Mercatone Uno, cala il sipario

CURTAROLO/TRIBANO. Dopo settimane di incertezza cala il sipario sui punti vendita del Mercatone Uno di Tribano e Curtarolo. Dal 15 giugno le serrande resteranno abbassate e i 72 lavoratori dei due negozi padovani, 43 a Curtarolo e 29 a Tribano, andranno in cassa integrazione straordinaria. Nella nostra provincia si salva solamente il negozio di Noventa Padovana, aperto l’anno scorso e finora mai coinvolto nella crisi che ha investito il gruppo. A Tribano e Curtarolo invece la primavera scorsa era partita la svendita straordinaria, fra le proteste e la mobilitazione dei dipendenti. Di fatto ha svuotato i magazzini. Ormai gli scaffali sono pressoché vuoti e merce non ne è più arrivata. Nel frattempo i lavoratori hanno seguito il travaglio della società bolognese fino alla nomina da parte del Ministero dello Sviluppo Economico dei tre commissari straordinari. Qualche giorno fa era arrivata la notizia dell’accordo sulla cassa integrazione straordinaria a zero ore, fino al prossimo dicembre, per i 3.071 dipendenti della società M. Business che gestisce i 78 punti vendita sul territorio.

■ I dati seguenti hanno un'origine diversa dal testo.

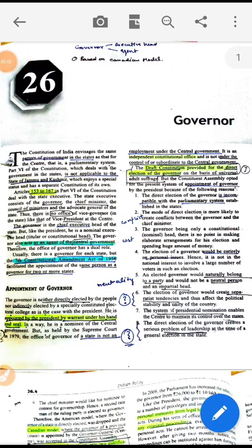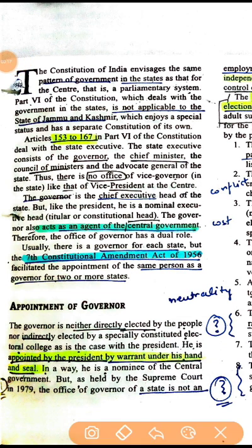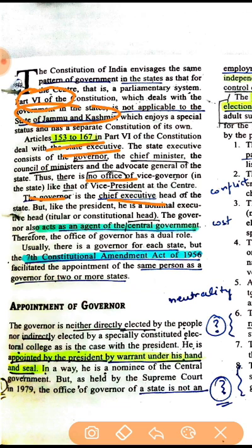In this video we'll be covering important aspects of polity with respect to prelims-specific preparation. Governor is given in Part Six of the Constitution. This part is not applicable for the state of Jammu and Kashmir. Articles 153 to 167 of the Constitution give provisions about the state executives. There is no vice-governor; the Governor is the chief executive head of the state.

«Nel corso della riunione» riporta una nota dell’azienda «i commissari hanno confermato la situazione di grave difficoltà economico finanziaria del gruppo che, in attesa di poter accedere alle garanzie statali per le grandi imprese, può disporre di risorse molto limitate. Per questo motivo è stata preannunciata la sospensione temporanea delle attività di circa 35 punti vendita entro il 15 giugno e l’adozione della cassa integrazione straordinaria per tutti i lavoratori coinvolti. I commissari, tuttavia, ritengono che, una volta reperite le risorse finanziarie, entro l’anno possa riattivarsi una parte consistente dei punti vendita e ritrovare così un equilibrio di cassa. Il collegio commissariale ha ribadito la ferma intenzione di voler attuare tutte le iniziative per garantire la continuità del gruppo mantenendo come obiettivo la salvaguardia dei livelli occupazionali». Promesse alle quali i lavoratori stentano a credere dopo mesi di silenzi. «Alcuni di noi avevano ricevuto una raccomandata» raccontano «nella quale si parlava della chiusura dal primo giugno. Poi ci hanno detto che si erano sbagliati e che avremo lavorato altre due settimane. In queste condizioni è difficile aver fiducia e vedere uno spiraglio per il futuro. Non sappiamo a chi interessi comprare dei negozi vuoti».